Politique

ME AÏSSATA TALL SALL SUR LEVÉE DE L’IMMUNITÉ DE FARBA NGOM: « Ce n’est pas Farba Ngom qui est à la barre, c’est l’Assemblée nationale »

La députée et ancienne Garde des Sceaux, Aïssata Tall Sall, a livré une plaidoirie vigoureuse devant la commission ad hoc chargée d’examiner le projet de levée de l’immunité parlementaire du député-maire des Agnam, Farba Ngom. Dénonçant de « graves irrégularités procédurales », elle a mis en garde contre ce qu’elle considère comme une atteinte aux prérogatives de l’Assemblée nationale.

Dans son intervention, Aïssata Tall Sall a d’abord retracé la chronologie des faits qu’elle juge incontestable. Selon elle, le député a été fouillé, placé en garde à vue à la Gendarmerie nationale, puis déféré devant le procureur de la République, avant que la question de son immunité parlementaire ne soit formellement soulevée.

Pour la parlementaire, le vice est « originel ». « Ce qui est contesté, ce qui est contestable et ce qui est illégal, c’est la procédure qui a été engagée », a-t-elle martelé. Elle estime que les actes de contrainte ont été exécutés en violation des garanties attachées au statut de député.

Téléphone portable : une « violation manifeste »

Aïssata Tall Sall s’est particulièrement insurgée contre l’exploitation du téléphone portable de son client. Selon elle, l’appareil aurait été consulté hors de la présence du parlementaire et de ses avocats. « Ce qui est illégal, c’est d’avoir ouvert le téléphone sans sa présence et sans celle de ses avocats », a-t-elle déclaré.

Elle considère que la diffusion d’éléments supposément extraits de cet appareil constitue une atteinte grave à la confidentialité des communications, principe protégé par la Constitution et les textes régissant les communications électroniques. Au-delà du cas individuel de Farba Ngom, la députée a élargi le débat à une dimension institutionnelle. « Cet après-midi, ce n’est pas un homme qui est à la barre. C’est l’Assemblée nationale », a-t-elle affirmé.

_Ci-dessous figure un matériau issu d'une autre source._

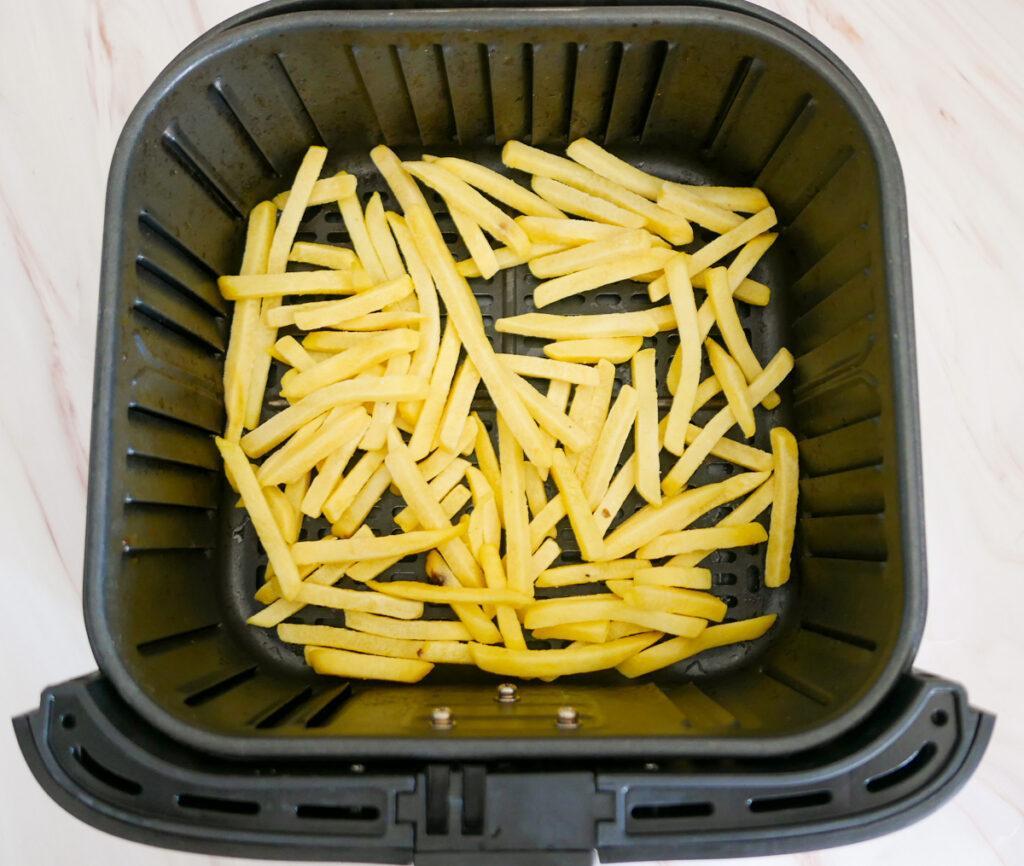 Frozen French Fries in a single layer on air fryer basket - Cook Simply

Selon elle, l’affaire pourrait créer un précédent dangereux en affaiblissant la protection parlementaire. Brandissant le règlement intérieur comme un rempart, elle a appelé ses collègues à la vigilance : « Si nous laissons passer cette affaire, alors déchirons le règlement intérieur. Il n’aura plus de sens ».

La président du groupe Takku-Wallu a conclu par une métaphore forte, invitant les députés à défendre l’autonomie du pouvoir législatif : « Dans la galaxie de la démocratie, l’Assemblée nationale est le soleil. Refusez l’éclipse qui vous est proposée ».

Me Abdoulaye Tall : « Une procédure régulière »De son côté, Me Abdoulaye Tall a rejeté toute idée de stigmatisation ou de persécution politique. Selon lui, les autorités auraient pu engager une procédure en flagrant délit, mais ont préféré solliciter la levée de l’immunité parlementaire afin de respecter les règles et préserver la dignité du député concerné.

Pour le membre de Pastef et président de la Commission des lois, la démarche engagée relève d’un processus légal normal et ne saurait être interprétée comme une manœuvre politique ou régionale.